T-Mobile and MetroPCS announced today that they have come to an agreement to merge the two companies. The combined entity will use the T-Mobile brand and will have a total of 42.5 million subscribers. While it won't change the dynamic of its current position in the U.S. market (it's #4), it will gain access to more space on the airwaves. T-Mobile USA’s German parent, Deutsche Telekom AG, will hold a 74 percent stake in the new entity, while MetroPCS Communications shareholders will own the remaining 26 percent. MetroPCS shareholders will also receive a payment of right around $1.5 billion.
"We are committed to creating a sustainable and financially viable national challenger in the U.S., and we believe this combination helps us deliver on that commitment," Deutsche Telekom CEO Rene Obermann said in a statement.
While the telecoms might be delighted to make the announcement, advocacy group Free Press issued a statement saying that the FCC must do a better job of making sure this merger is good for consumers.
"Wireless consumers have long suffered in an uncompetitive market.
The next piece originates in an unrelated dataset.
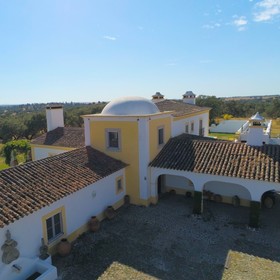 Rosa Estates The Farmhouse & Stables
We need stronger competitors to push back against the AT&T-Verizon juggernaut, ones that will force these carriers to compete on price and service quality," said Free Press Policy Director Matt Wood. "But consolidation at the bottom between a regional prepaid carrier and the last-place national carrier is not going to fix all of the problems in our wireless market. The FCC is going to have to formulate bold public policies to bring consumers the relief they need."
The FCC will have to approve the deal and it may require further investigation by the FTC as well. In addition the FCC may put conditions on the deal prior to its approval, like rules related to net neutrality.